(Short descriptive text snippets)
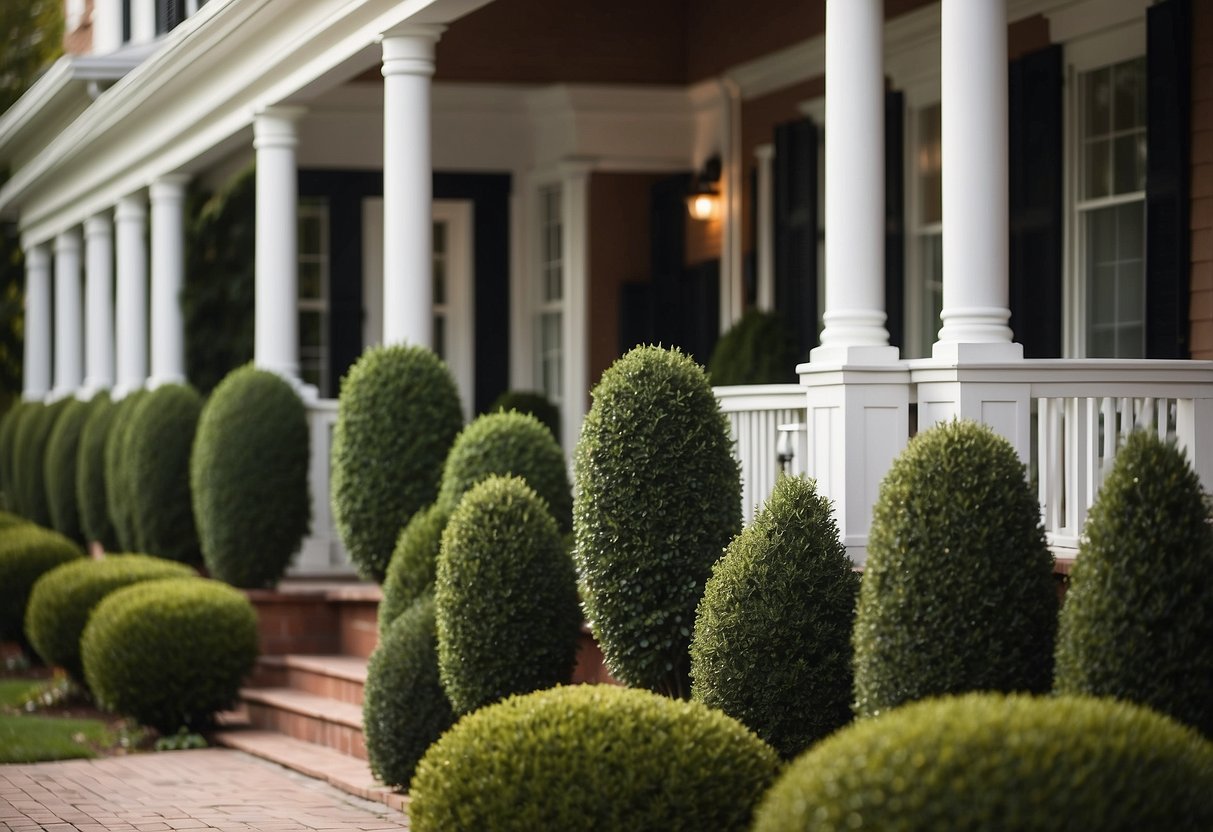 A row of 10 holly shrubs lines the front of a house, creating a symmetrical and inviting entrance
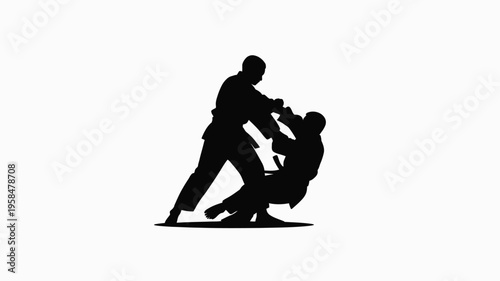 Silhouette of two individuals engaged in a dynamic struggle depicted in bold black and white contrast emphasizing action and intensity in a minimalist style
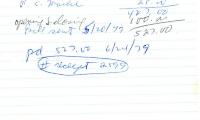 Fannie Passel's cemetery account statement from Kneseth Israel, beginning May 20, 1979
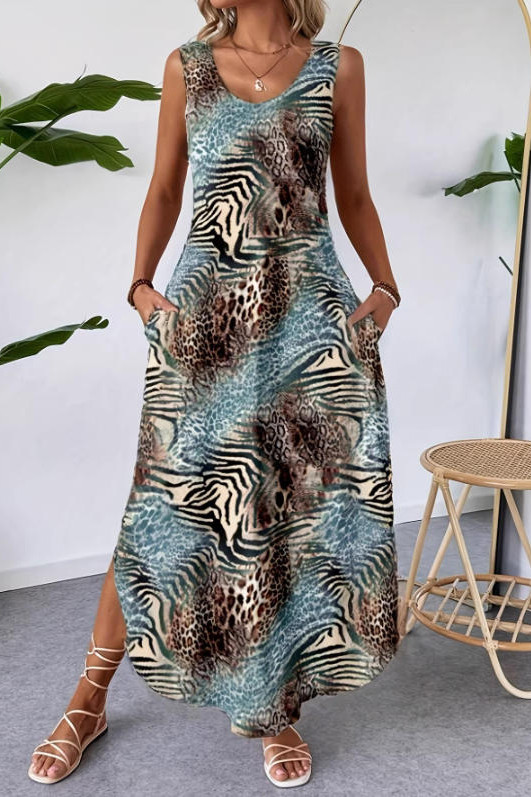 V-neck Loose Tie Dye Printed Dress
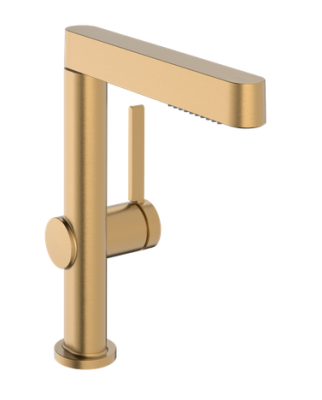Смеситель для раковины с донным клапаном, выдвижной излив, бронза Hansgrohe Finoris 76063140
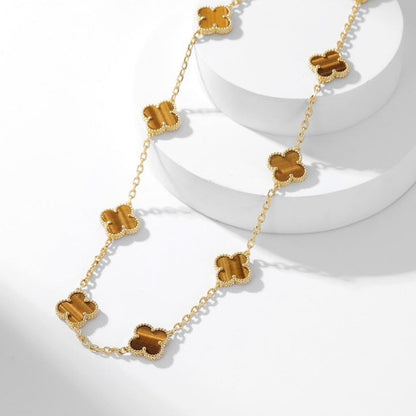 [ROYAL]CLOVER 10 MOTIFS TIGER EYE NECKLACE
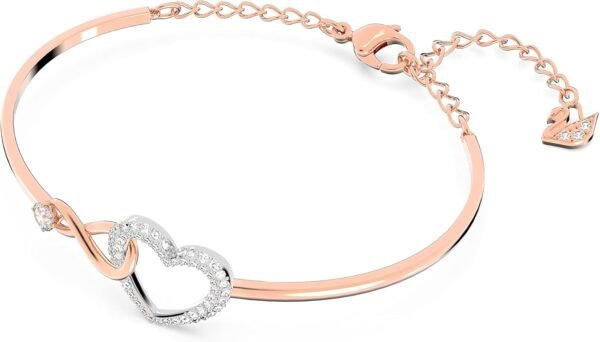 Infinity Heart Jewelry Collection, Necklaces and Bracelets, Rose Gold & Rhodium Tone Finish, Clear Crystals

[Task] Output the line that contains "[ROYAL]CLOVER 10 MOTIFS TIGER EYE NECKLACE" and every line after it to the end of the records, word for word, leaving out the pictures.

[Response]
 [ROYAL]CLOVER 10 MOTIFS TIGER EYE NECKLACE
 Infinity Heart Jewelry Collection, Necklaces and Bracelets, Rose Gold & Rhodium Tone Finish, Clear Crystals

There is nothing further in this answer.